> **WHAT THE TASK ASKS**
Beginning at the line that contains "Innovations Lighting - Caledonia", reproduce every line to the end of the material without changing any of them.

> **DATA TO EXAMINE**
= = =
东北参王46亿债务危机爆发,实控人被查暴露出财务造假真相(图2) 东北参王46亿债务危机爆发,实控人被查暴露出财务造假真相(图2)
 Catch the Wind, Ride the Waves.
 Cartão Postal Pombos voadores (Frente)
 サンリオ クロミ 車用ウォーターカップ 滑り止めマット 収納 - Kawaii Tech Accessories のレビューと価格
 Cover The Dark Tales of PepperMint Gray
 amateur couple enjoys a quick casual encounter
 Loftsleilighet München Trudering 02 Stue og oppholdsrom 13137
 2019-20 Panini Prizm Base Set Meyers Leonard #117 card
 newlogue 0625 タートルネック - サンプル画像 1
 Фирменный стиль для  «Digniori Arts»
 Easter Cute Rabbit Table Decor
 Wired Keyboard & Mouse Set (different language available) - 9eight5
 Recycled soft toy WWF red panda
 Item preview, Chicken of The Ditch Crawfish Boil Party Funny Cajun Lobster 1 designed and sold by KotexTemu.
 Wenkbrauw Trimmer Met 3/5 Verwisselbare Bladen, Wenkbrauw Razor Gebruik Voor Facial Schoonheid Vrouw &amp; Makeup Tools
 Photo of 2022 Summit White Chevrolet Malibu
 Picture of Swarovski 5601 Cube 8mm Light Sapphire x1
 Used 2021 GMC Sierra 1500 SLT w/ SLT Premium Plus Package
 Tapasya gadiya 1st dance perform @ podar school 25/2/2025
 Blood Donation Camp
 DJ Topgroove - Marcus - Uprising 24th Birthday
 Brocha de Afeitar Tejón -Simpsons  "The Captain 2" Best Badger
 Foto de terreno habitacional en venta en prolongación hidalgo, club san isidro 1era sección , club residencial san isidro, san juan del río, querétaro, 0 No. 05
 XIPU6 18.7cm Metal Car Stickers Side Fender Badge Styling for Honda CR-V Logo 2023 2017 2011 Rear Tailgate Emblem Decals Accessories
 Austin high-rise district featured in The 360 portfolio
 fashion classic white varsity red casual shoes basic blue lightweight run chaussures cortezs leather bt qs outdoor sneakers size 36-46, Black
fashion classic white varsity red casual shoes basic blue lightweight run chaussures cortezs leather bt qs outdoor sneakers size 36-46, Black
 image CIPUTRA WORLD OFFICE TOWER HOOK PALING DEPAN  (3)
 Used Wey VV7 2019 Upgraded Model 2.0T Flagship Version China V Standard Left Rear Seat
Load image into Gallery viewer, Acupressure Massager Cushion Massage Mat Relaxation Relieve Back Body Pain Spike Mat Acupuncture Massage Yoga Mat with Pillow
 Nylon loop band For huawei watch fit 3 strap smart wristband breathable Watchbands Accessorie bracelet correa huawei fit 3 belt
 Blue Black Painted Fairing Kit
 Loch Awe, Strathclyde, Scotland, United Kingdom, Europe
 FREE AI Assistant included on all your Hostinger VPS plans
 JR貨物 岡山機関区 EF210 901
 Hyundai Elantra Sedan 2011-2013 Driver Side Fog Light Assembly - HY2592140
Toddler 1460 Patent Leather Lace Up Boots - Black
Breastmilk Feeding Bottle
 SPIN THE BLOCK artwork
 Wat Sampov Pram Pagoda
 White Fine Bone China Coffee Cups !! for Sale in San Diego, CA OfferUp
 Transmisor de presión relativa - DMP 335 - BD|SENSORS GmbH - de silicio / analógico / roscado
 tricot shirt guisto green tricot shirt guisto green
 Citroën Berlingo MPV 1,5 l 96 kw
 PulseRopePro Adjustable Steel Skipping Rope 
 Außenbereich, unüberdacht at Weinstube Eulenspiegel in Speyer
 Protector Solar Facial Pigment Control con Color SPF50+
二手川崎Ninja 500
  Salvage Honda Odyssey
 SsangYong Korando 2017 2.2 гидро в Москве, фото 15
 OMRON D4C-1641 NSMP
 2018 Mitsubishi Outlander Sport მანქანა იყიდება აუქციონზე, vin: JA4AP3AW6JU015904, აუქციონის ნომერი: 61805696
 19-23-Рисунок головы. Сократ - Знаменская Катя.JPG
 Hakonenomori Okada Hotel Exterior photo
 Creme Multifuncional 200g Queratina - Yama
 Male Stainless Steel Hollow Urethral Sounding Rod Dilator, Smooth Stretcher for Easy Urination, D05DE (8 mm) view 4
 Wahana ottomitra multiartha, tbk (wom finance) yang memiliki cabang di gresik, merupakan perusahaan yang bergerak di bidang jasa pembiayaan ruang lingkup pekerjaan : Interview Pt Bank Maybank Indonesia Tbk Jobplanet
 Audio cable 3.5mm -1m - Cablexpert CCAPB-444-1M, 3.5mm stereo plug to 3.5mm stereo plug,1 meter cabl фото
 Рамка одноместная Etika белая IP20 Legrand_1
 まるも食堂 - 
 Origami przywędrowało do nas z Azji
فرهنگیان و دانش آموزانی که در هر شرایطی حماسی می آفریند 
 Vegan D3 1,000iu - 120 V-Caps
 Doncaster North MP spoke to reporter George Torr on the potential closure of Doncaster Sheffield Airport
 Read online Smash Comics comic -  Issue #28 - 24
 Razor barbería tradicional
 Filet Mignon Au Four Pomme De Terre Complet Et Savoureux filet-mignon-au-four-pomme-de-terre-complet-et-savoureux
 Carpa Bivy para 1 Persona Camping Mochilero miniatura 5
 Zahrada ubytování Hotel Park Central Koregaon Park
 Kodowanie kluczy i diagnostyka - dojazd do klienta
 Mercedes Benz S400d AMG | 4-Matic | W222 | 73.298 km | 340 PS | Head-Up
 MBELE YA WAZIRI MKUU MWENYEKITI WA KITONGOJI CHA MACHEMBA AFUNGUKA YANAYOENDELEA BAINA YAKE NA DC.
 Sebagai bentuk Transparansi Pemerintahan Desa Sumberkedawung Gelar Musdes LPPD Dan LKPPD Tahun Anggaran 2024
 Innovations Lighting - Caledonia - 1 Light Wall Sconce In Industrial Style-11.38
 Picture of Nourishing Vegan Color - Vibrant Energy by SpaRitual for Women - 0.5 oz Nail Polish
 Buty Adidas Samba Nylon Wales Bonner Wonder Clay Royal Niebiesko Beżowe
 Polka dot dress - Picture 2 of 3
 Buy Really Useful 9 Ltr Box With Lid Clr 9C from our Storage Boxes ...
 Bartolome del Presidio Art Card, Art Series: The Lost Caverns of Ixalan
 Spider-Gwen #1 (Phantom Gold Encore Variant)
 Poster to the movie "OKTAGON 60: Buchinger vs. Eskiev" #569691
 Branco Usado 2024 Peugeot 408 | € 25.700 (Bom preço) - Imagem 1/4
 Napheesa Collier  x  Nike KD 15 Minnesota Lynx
= = =
> **OUTPUT FOR THIS EXERCISE**
 Innovations Lighting - Caledonia - 1 Light Wall Sconce In Industrial Style-11.38
 Picture of Nourishing Vegan Color - Vibrant Energy by SpaRitual for Women - 0.5 oz Nail Polish
 Buty Adidas Samba Nylon Wales Bonner Wonder Clay Royal Niebiesko Beżowe
 Polka dot dress - Picture 2 of 3
 Buy Really Useful 9 Ltr Box With Lid Clr 9C from our Storage Boxes ...
 Bartolome del Presidio Art Card, Art Series: The Lost Caverns of Ixalan
 Spider-Gwen #1 (Phantom Gold Encore Variant)
 Poster to the movie "OKTAGON 60: Buchinger vs. Eskiev" #569691
 Branco Usado 2024 Peugeot 408 | € 25.700 (Bom preço) - Imagem 1/4
 Napheesa Collier  x  Nike KD 15 Minnesota Lynx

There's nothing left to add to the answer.